▶ [ACTIVITY]:
A faithful, picture-free copy of the listing below is required.

═══

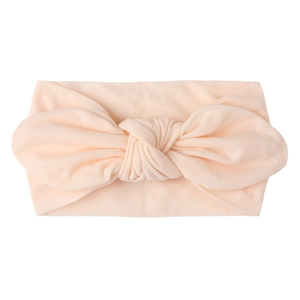 Peach baby wide elastic headband featuring a large soft decorative bow for girls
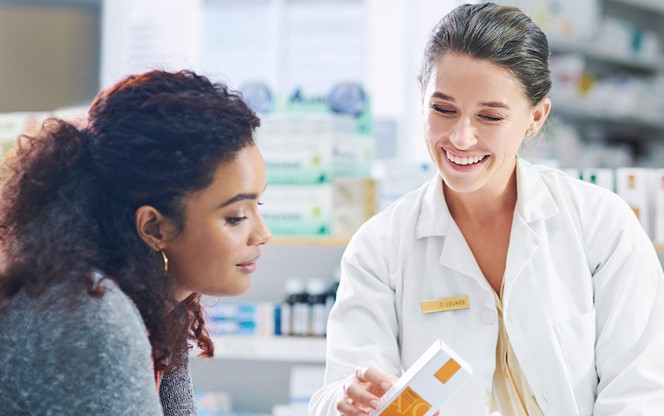 Young Pharmacist Using A Digital Tablet While Assisting A Customer In A Chemist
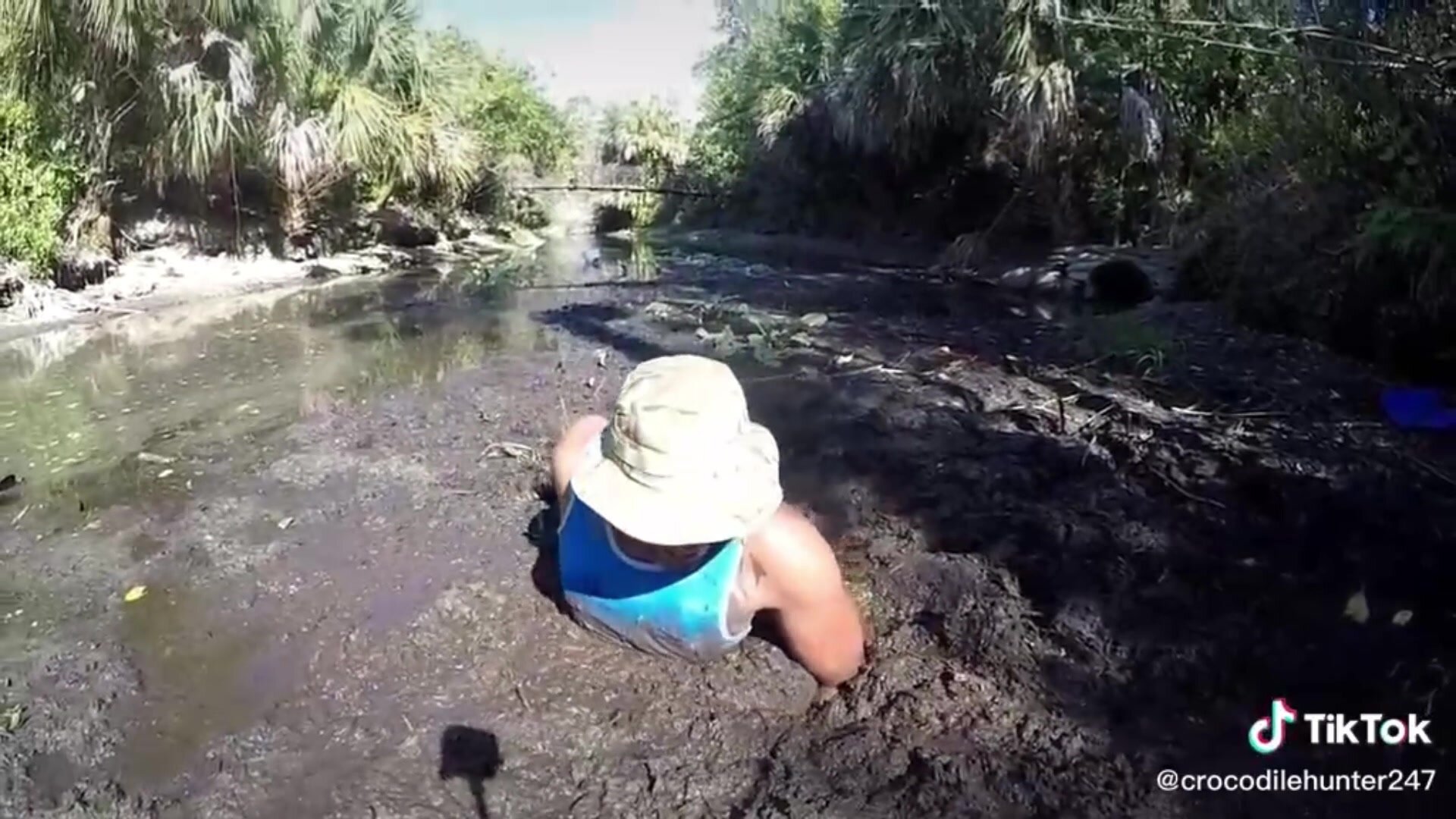 Tiktok hunter stuggles against sticky river mud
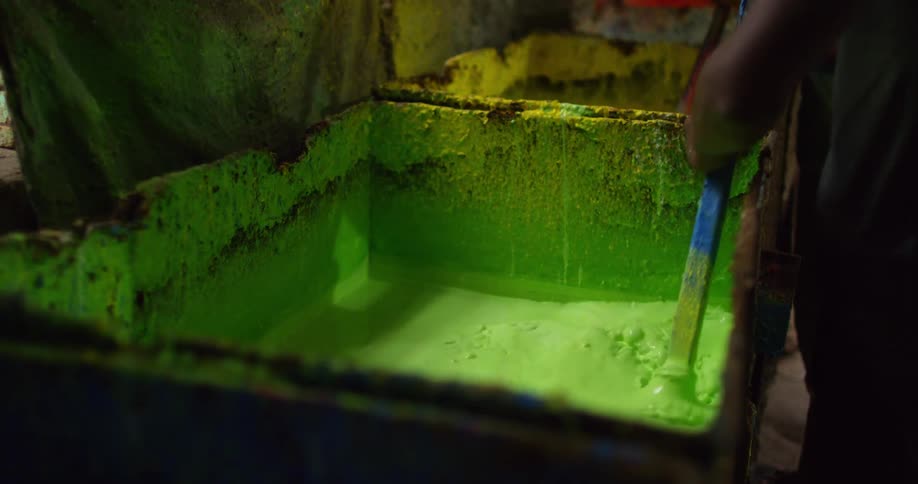 Children stirring dye for balloons in bins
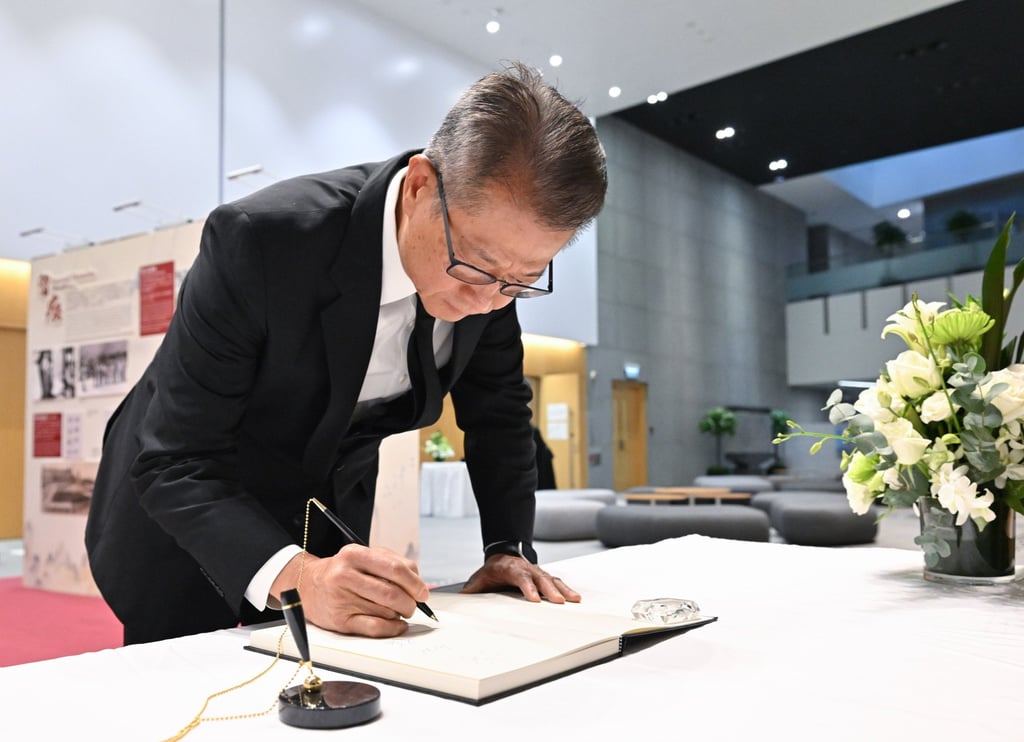 Financial Secretary Paul Chan signs a condolence book for the victims of the fire at the Central Government Offices in Tamar. Photo: ISD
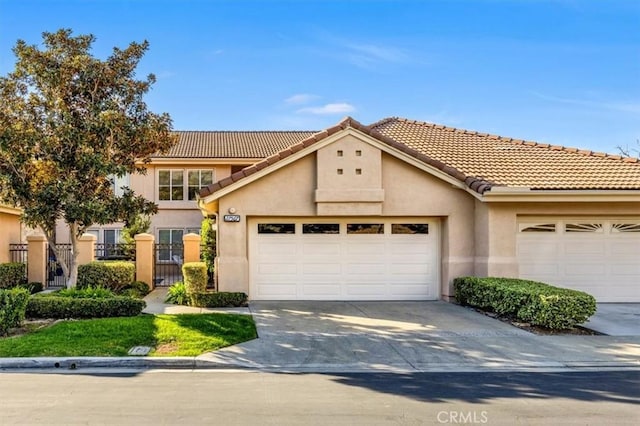 view of front of home with fence, stucco siding, concrete driveway, a garage, and a tiled roof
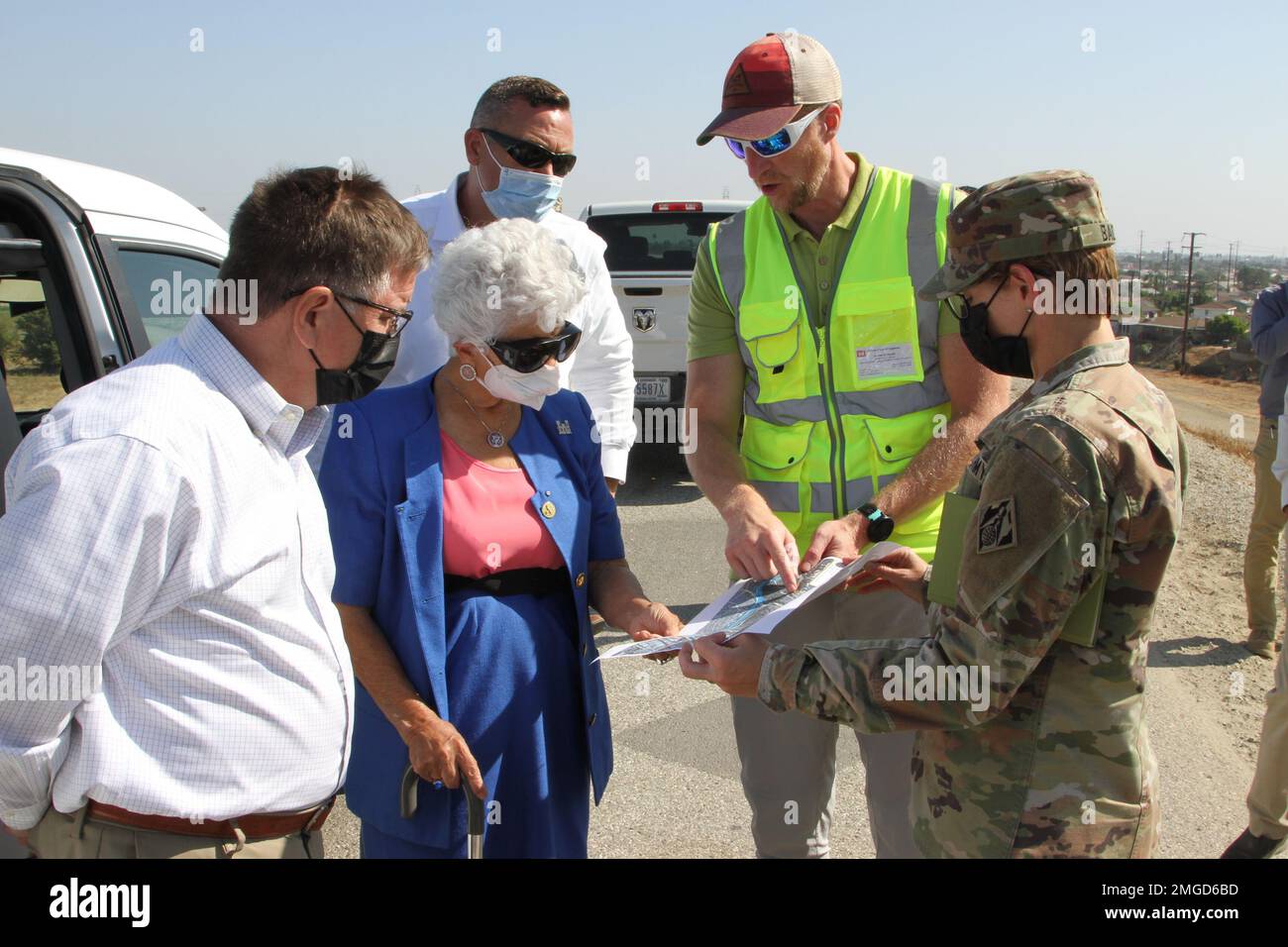 Col. Julie Balten, LA District commander, right, and Aaron Smith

═══

▶ [REPLY]:
 Peach baby wide elastic headband featuring a large soft decorative bow for girls
 Young Pharmacist Using A Digital Tablet While Assisting A Customer In A Chemist
 Tiktok hunter stuggles against sticky river mud
 Children stirring dye for balloons in bins
 Financial Secretary Paul Chan signs a condolence book for the victims of the fire at the Central Government Offices in Tamar. Photo: ISD
 view of front of home with fence, stucco siding, concrete driveway, a garage, and a tiled roof
 Col. Julie Balten, LA District commander, right, and Aaron Smith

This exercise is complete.